30 Day Shred – From a person that is way out of shape
So, today I started the Jillian Michaels 30 day shred. I thought I would post my feelings and thoughts about my journey thus far. The issue that I have right now is that I AM SEVERELY OUT OF SHAPE. So starting slowly is the only way for me. I have extra weight tacked onto my body so doing all the things that skinny people do, is simply not an option for me. To add insult to injury I also have a heart arrhythmia that gets aggravated when I do a lot of heart rate intensive workouts so I feel that it is in my best interest and start slowly. So, today I started with the 30 Day Shred (2008) – Level 1. I could barely make it through the first 7.5 minutes before I was completely out of breath and felt like I was going to die. So I’m proud that I made it through the first 7 minutes and that I tried at all. I got my core temp up and my HR up for sure. Tomorrow I will try to make it to the 10 minute mark before passing out. LOL. My legs hurt and my body is yelling at me for trying to do anything at all. But what I have learned is that I have to keep pressing on, I have to keep pushing. If we want this baby, I have to keep trying to get to a healthy weight. There is no other option.
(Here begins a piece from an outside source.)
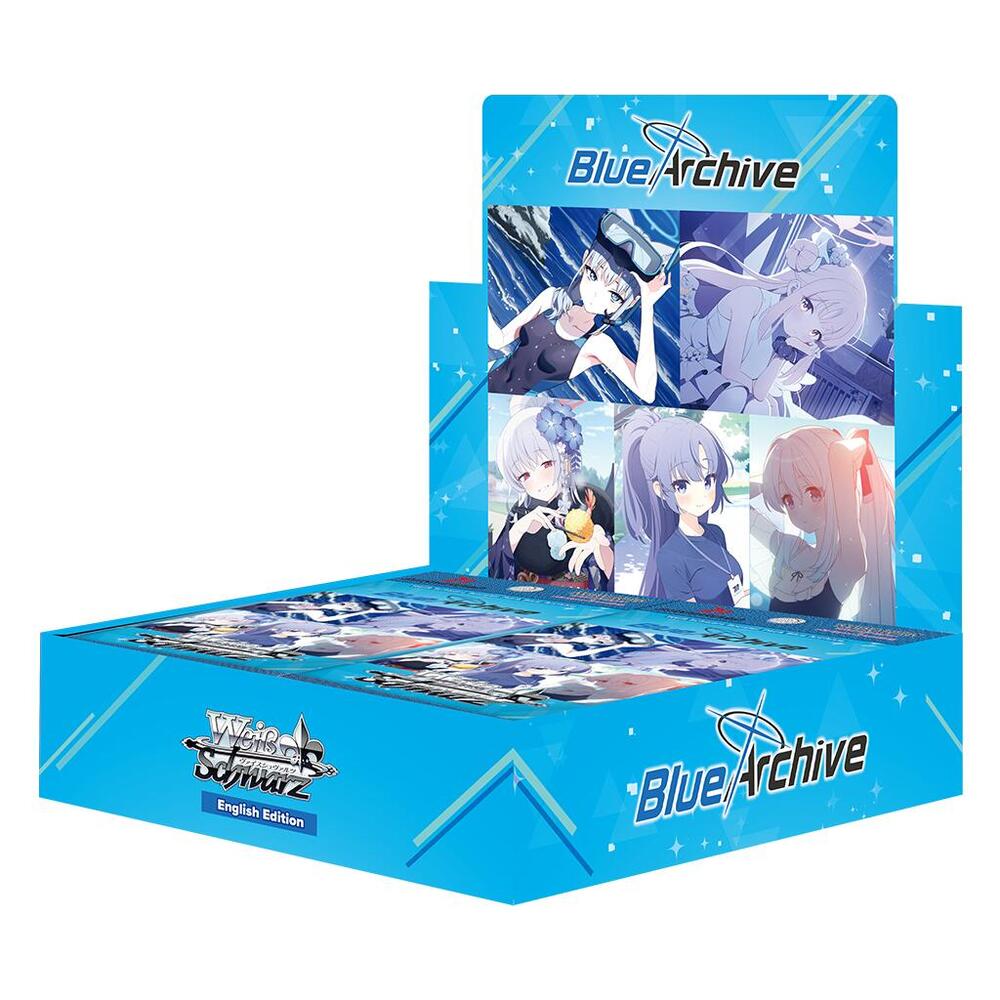 Blue Archive Booster Box  Blue Archive Card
Also, I have started, AGAIN, with the MyFitnessPal. I weighed in this morning and got an accurate read on my weight. So that I can keep myself honest. I hope to lose 20% of my body mass by my birthday. That is about 4 months away. That SHOULD be doable with about 10 lbs a month of loss. I’m hopeful, but I won’t be sad if I don’t get there. A little disappointed maybe, but not down on myself. I hope to at least have more than 10 lbs lost though. Anyway that is my thought of the day and trying to move around at least a day. Maybe I’ll try the other half later today. We’ll see.